● Task requirements: Copy out each entry below verbatim, skipping the images.

*-*-*

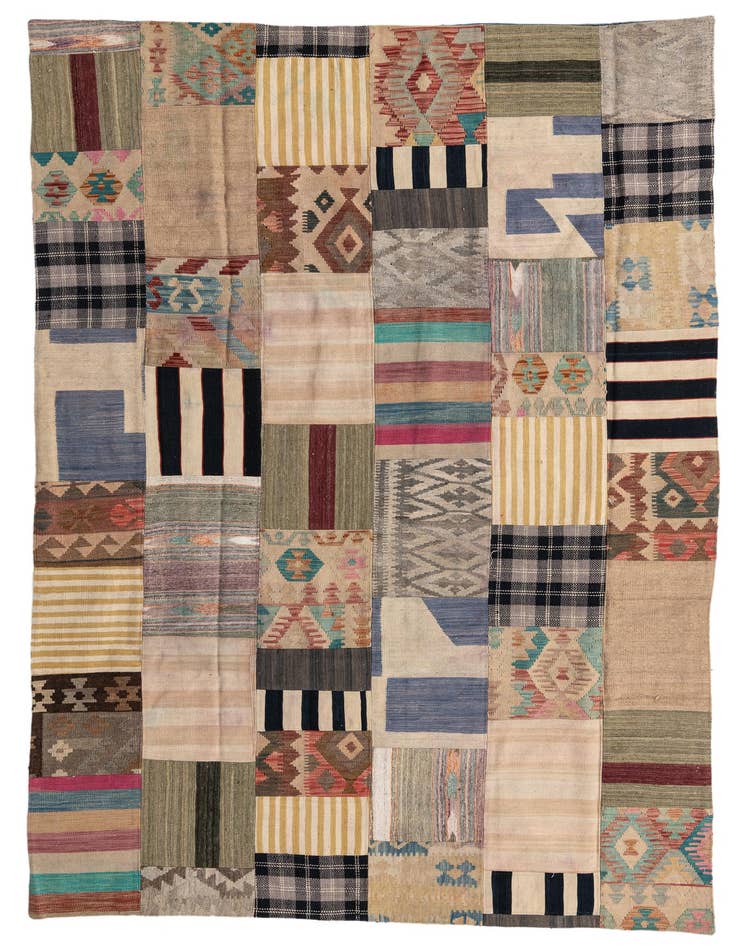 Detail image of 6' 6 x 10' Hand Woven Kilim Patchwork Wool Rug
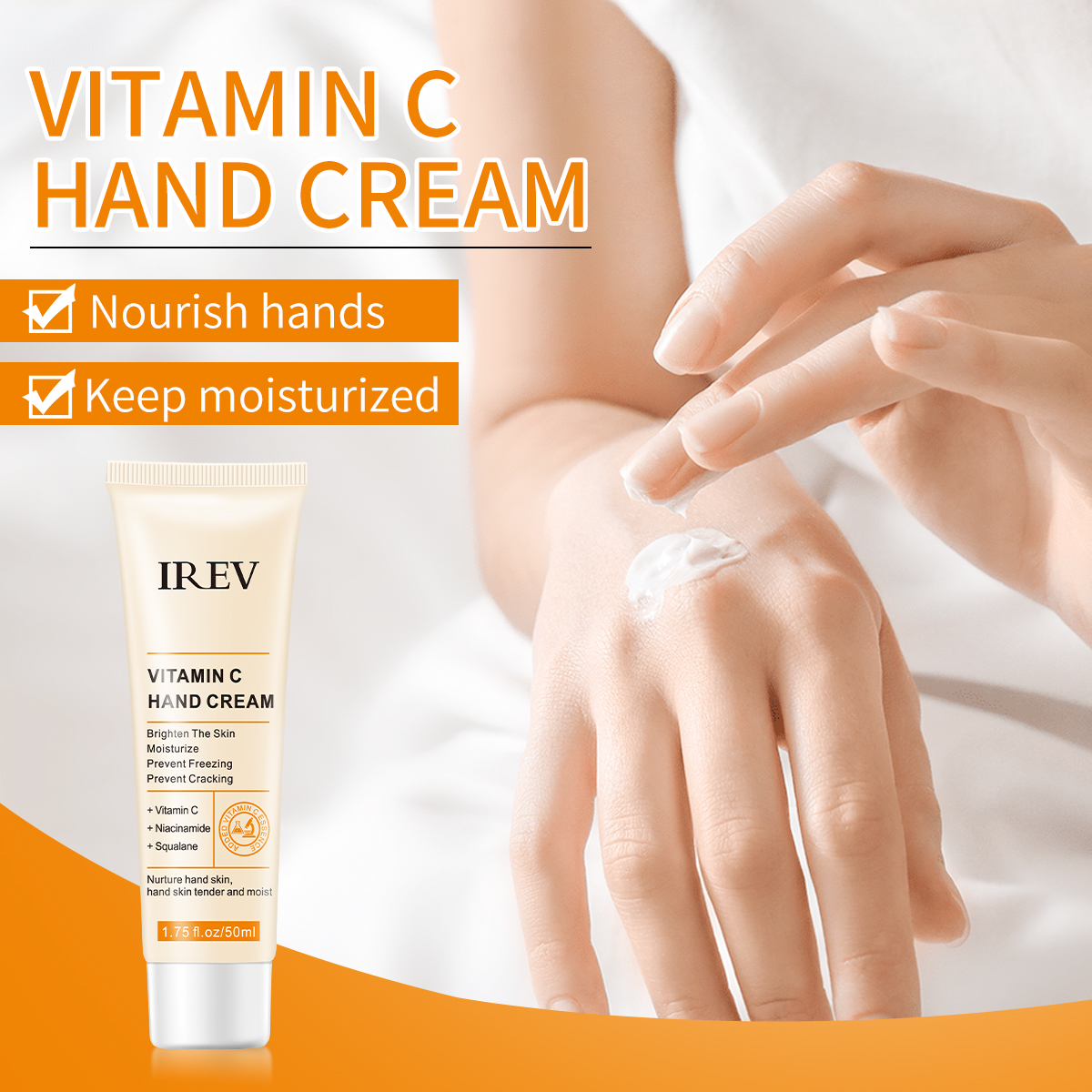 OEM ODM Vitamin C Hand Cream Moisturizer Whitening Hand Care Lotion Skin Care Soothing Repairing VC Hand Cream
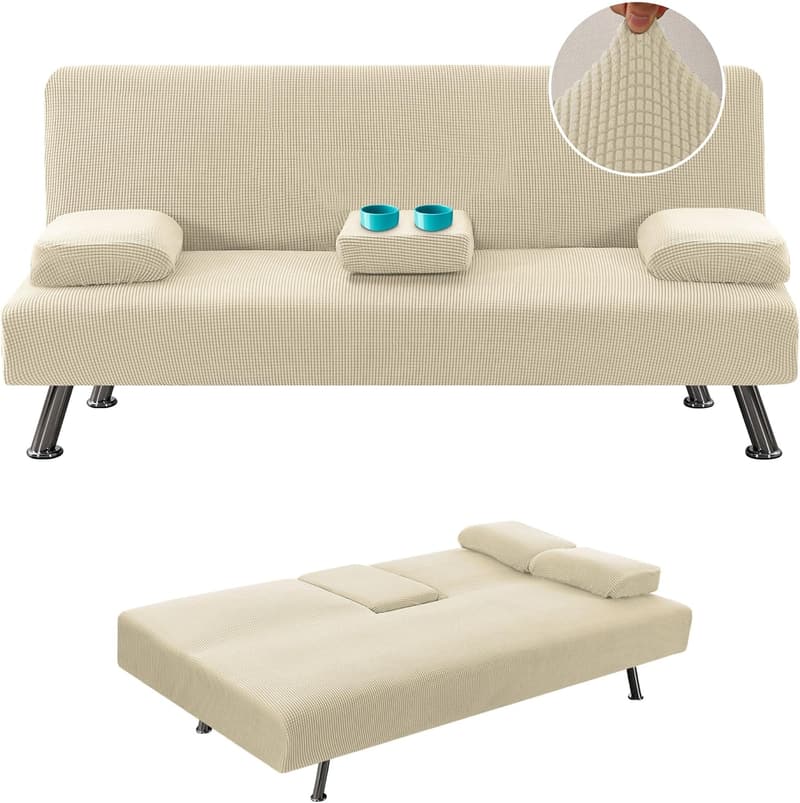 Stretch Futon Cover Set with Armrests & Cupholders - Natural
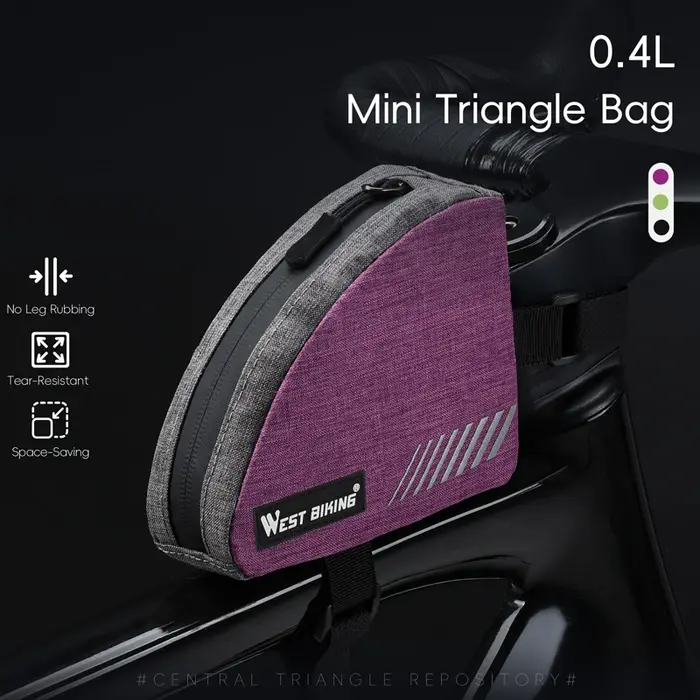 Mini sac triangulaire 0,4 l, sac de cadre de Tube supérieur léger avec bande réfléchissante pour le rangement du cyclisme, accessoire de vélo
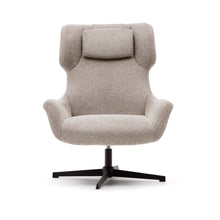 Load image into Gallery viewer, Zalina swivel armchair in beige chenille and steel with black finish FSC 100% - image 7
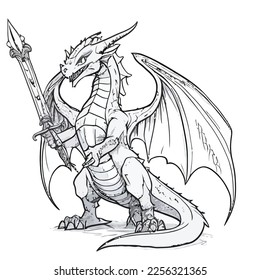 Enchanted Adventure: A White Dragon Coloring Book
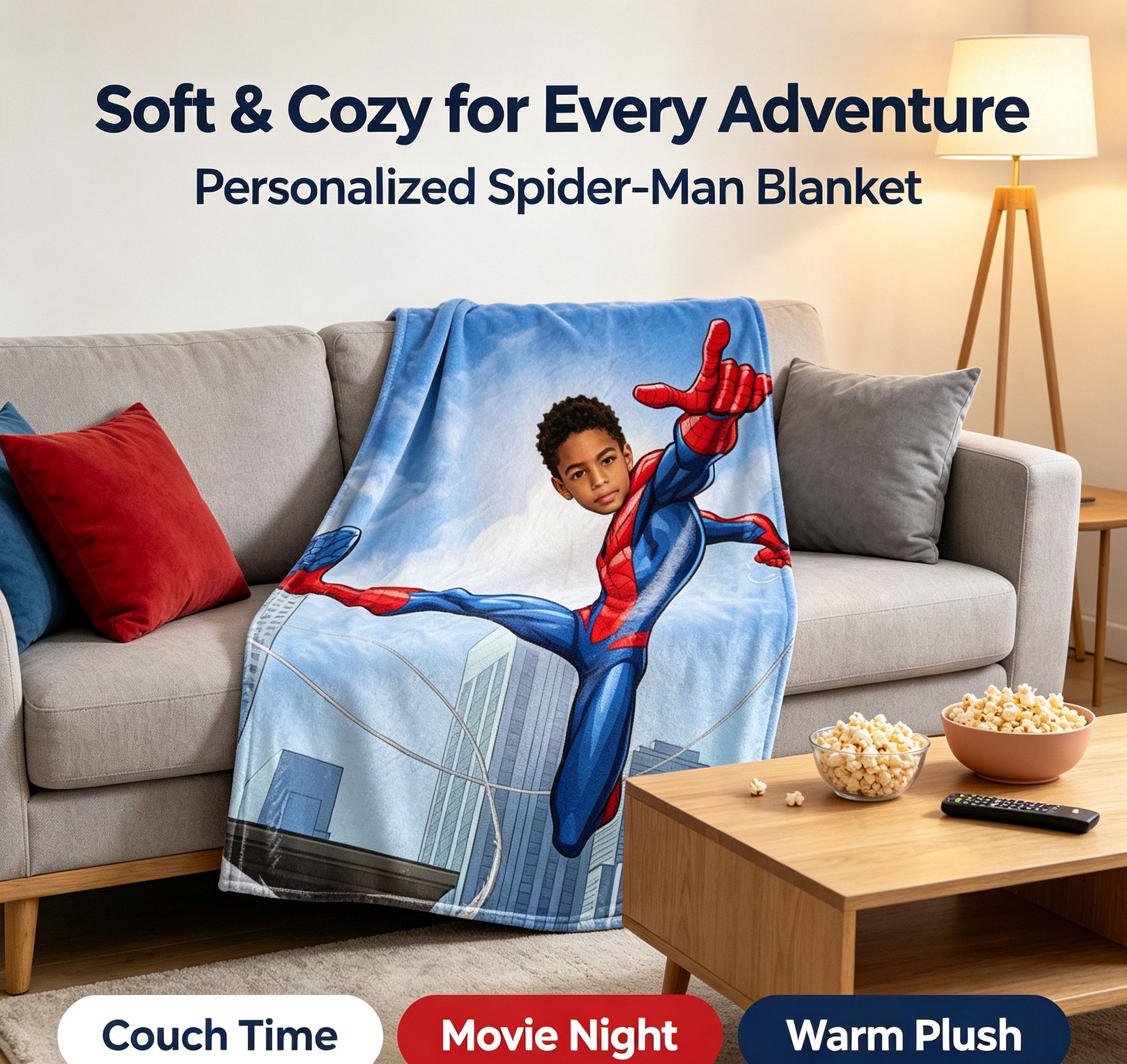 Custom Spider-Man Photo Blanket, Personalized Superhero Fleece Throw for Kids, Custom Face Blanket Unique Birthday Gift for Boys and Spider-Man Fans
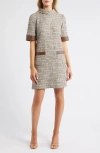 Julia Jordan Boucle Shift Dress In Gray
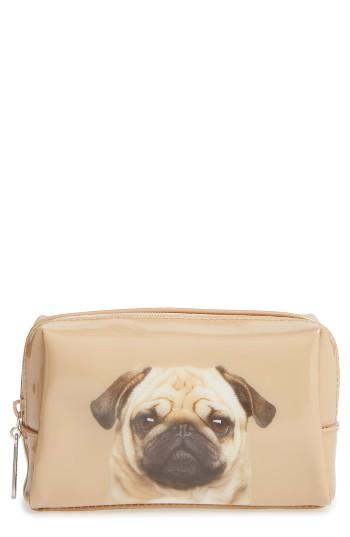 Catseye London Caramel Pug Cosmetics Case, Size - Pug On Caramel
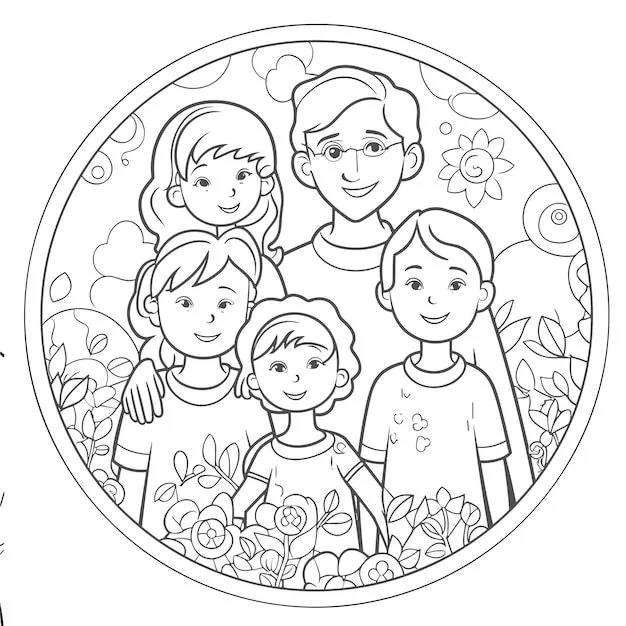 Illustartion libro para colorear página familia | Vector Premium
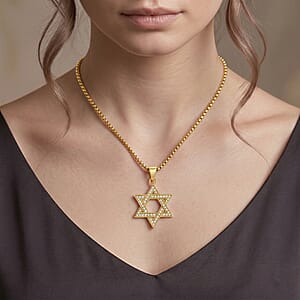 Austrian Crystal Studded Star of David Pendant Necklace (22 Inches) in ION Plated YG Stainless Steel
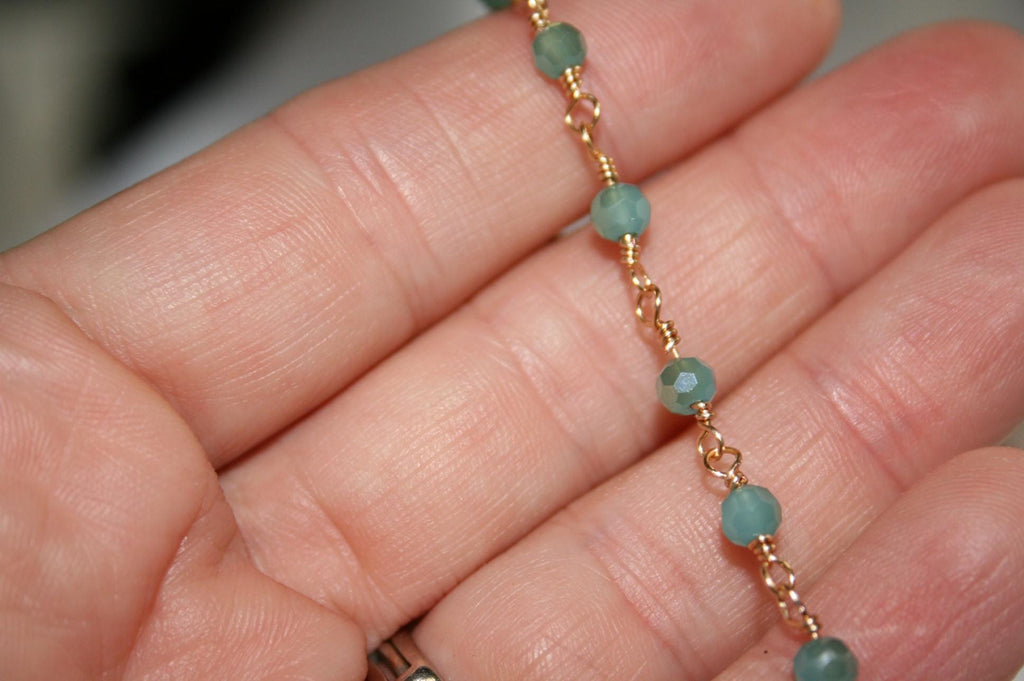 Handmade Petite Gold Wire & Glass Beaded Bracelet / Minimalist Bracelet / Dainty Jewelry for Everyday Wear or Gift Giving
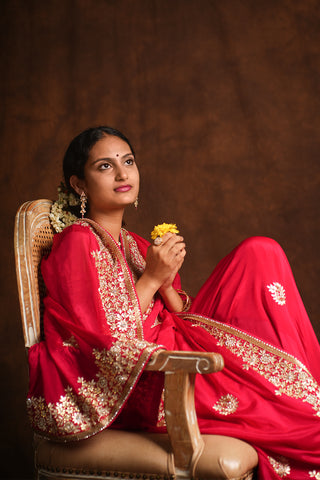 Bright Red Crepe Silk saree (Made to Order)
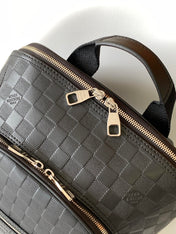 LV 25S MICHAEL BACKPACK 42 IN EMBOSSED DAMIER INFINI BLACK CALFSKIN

*-*-*

● Result of the exercise:
 Detail image of 6' 6 x 10' Hand Woven Kilim Patchwork Wool Rug
 OEM ODM Vitamin C Hand Cream Moisturizer Whitening Hand Care Lotion Skin Care Soothing Repairing VC Hand Cream
 Stretch Futon Cover Set with Armrests & Cupholders - Natural
 Mini sac triangulaire 0,4 l, sac de cadre de Tube supérieur léger avec bande réfléchissante pour le rangement du cyclisme, accessoire de vélo
 Load image into Gallery viewer, Zalina swivel armchair in beige chenille and steel with black finish FSC 100% - image 7
 Enchanted Adventure: A White Dragon Coloring Book
 Custom Spider-Man Photo Blanket, Personalized Superhero Fleece Throw for Kids, Custom Face Blanket Unique Birthday Gift for Boys and Spider-Man Fans
 Julia Jordan Boucle Shift Dress In Gray
 Catseye London Caramel Pug Cosmetics Case, Size - Pug On Caramel
 Illustartion libro para colorear página familia | Vector Premium
 Austrian Crystal Studded Star of David Pendant Necklace (22 Inches) in ION Plated YG Stainless Steel
 Handmade Petite Gold Wire & Glass Beaded Bracelet / Minimalist Bracelet / Dainty Jewelry for Everyday Wear or Gift Giving
 Bright Red Crepe Silk saree (Made to Order)
 LV 25S MICHAEL BACKPACK 42 IN EMBOSSED DAMIER INFINI BLACK CALFSKIN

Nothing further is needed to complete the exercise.